Saturday, November 8, 2014

New Guinea - The Savage Land

Let's Visit New Guinea
Noel Carrick - Burke 1969
I enjoy rummaging through old antique shops and jumble sales. Sometimes I find old library books which can be a lot of fun, especially if they are travel guides talking about a destination where so much has changed.

The passage below is taken from 'Let's Visit New Guinea' by Noel Carrick, published in 1969 by Burke of the UK. Carrick was prolific in his output, producing numerous such books over a period of two decades.

By expert standards, they are scant and simplistic and by today's criteria, politically incorrect, which makes them all the more fun to read.










The Savage Land

New Guineans were once among the most primitive peoples of the world. At that time their main occupation was fighting. They showed no mercy to their enemies who were more often than not merely men from the next valley rather than real strangers or foreigners. Customs which we today find quite shocking—cannibalism, head-hunting, murder, sorcery and witchcraft—were a part of their normal life. Until the Second World War, quite a few New Guineans lived in this way.

Today, less than one hundred years since outsiders first ventured into the interior of this dragon-shaped island, New Guinea has become a peaceful and rapidly advancing home­land for most of its three million people. Although in some remote and lonely mountain valleys, warriors might still occa­sionally raid their neighbour's village for heads—and even eat their enemies' bodies most of them now live in peace.

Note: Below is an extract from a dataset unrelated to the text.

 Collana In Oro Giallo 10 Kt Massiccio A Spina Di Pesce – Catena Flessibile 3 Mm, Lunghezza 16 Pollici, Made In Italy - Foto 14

New Guinea is an island of 338,000 square miles. It lies in the southern Pacific Ocean, north of Australia and just south of the equator. Second to Greenland, it is the largest island on earth. (Australia, although surrounded by water, is a conti­nent, not an island.) Several smaller islands, with a total area of 23,000 square miles, lie to the north and north-east of the main island.

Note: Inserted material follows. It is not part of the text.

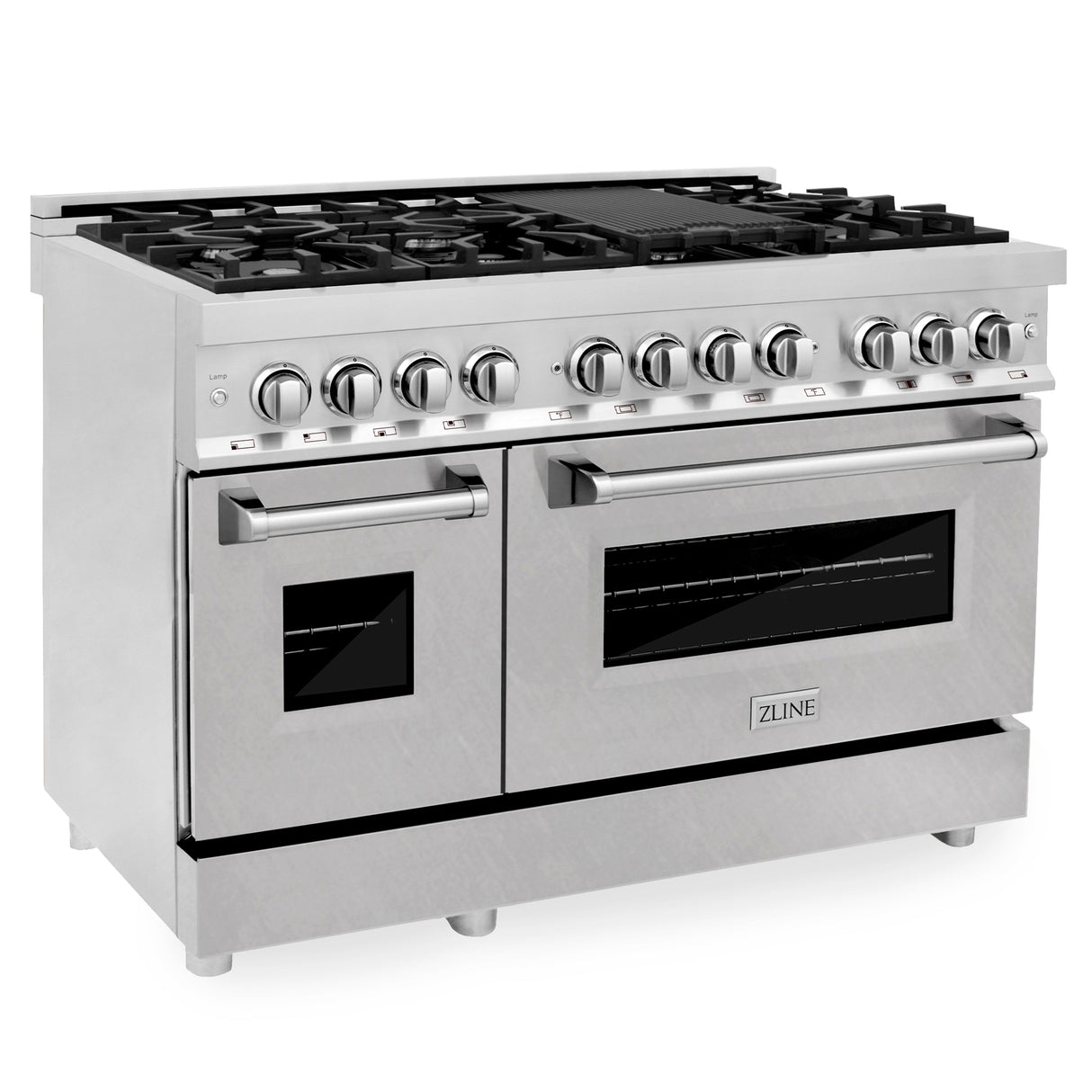 ZLINE 48 in. 6.0 cu. ft. Legacy Dual Fuel Range with 7 Burner Gas Cooktop and 2 Electric Ovens in Stainless Steel with Satin Stainless Steel Doors (RA-SN-48)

New Guinea and the neighbouring islands form not one  nation but two. The western part of the island of New Guinea is called West Irian and is part of the Republic of Indonesia.

The eastern part and the off-shore islands are called Papua-New Guinea and are administered by Australia.

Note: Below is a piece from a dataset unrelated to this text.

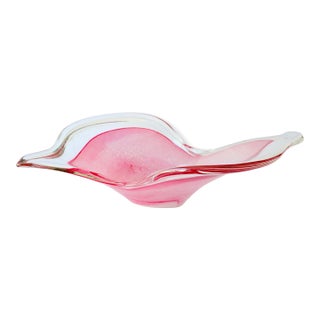 Large Midcentury Freeform Murano Glass Bowl For Sale
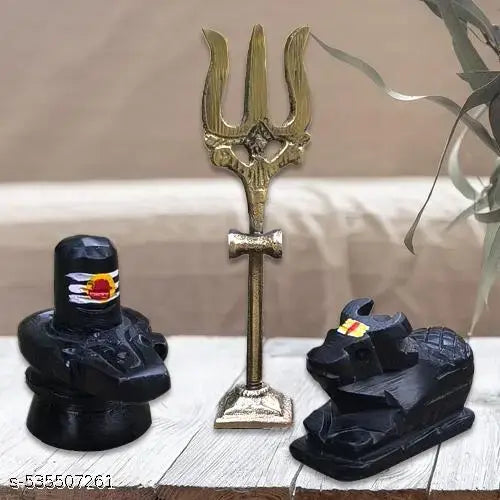A&S VENTURES Tilak Marble Shivling Idol with Nandi and Brass Trishul – Handcrafted Lord Shiva Statue for Pooja Room, Home Temple Décor, Abhishekam & Spiritual Giftv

The reason why the people who lived in this part of the world were so savage had much to do with the rugged nature of their land. It consists of mountains, jungles, swamps, rivers and flat plains, high in the mountains, called plateaux. Let us first look at this very rugged terrain, in order to help us understand why the people once acted as they did.

Millions of years ago, New Guinea was joined to Australia but eruptions from under the earth's surface caused it to break away to make a separate island. Several million more years later, other disturbances beneath the earth rocked New Guinea, throwing up high mountains along its entire length. These eruptions occurred at a date which seems quite recent when we consider the great age of the earth and therefore the mountains remain high, steep and jagged. They have not had time to weather to rounder, smoother peaks as mountains in older countries like Australia.

Between the mountains are narrow valleys; their sides are often as steep as cliffs. Then, on the valley floors, there are rivers. Some are as wide as the Mississippi, others are merely narrow streams. We think of New Guinea as a hot place - which indeed it is. But in the western part there are mountain peaks higher than 16,000 feet which, like the European Alps, are always capped with snow. Snow-capped mountains in the tropics close to the equator! This is just one of the many unusual things about New Guinea. There are some mountain ranges as high as 12,000 feet and many as high as 10,000 feet. In fact, except for a few regions, New Guinea is a land of mountains. The highest peak, Mt. Sukarno (16,448 feet), was climbed for the first time only in 1964. In some mountain ranges along the centre of the island there are plateaux, some of them up to 5,000 feet above sea level.

In most places the mountains reach right down to the sea. Where they do not there are small areas of flat country. This flat country is often swampy and covered with jungle, mango trees and sago palms. The jungle is inhabited by mosquitoes, snakes, ticks, leeches, crocodiles and a host of other unpleasant creeping, crawling and biting things. The lower slopes of the mountains as well as the flat coastal areas are covered in jungles so thick that it is often impossible to walk through them. Trees grow, but when they reach a certain height they become covered by vines and creepers and other growth.

There is no such thing as winter here. This sounds fine to those who live in cold climates but if there is no winter it does not mean that there is no rain. In the coastal regions it is humid and uncomfortable for most of the year. It never gets really hot in New Guinea as it does in the deserts of Arabia or Central Australia. Temperatures seldom go above 33 degrees Centigrade (90 degrees Fahrenheit). But most of the year, the humidity-    that warm damp atmosphere that makes us feel sticky and uncomfortable is high. High up in the mountains, the temperature falls considerably; in the highest mountains, it becomes quite cold.

On the plateaux, which are called the Highlands, the climate is mainly temperate and pleasant, like that of Europe during a fine summer. But all over New Guinea, rain falls frequently. Nowhere is the rainfall less than 100 inches a year. In some areas, it is as high as 780 inches a year. Imagine living in a country where it rains twenty times more than it does in England - yet remains hot at the same time.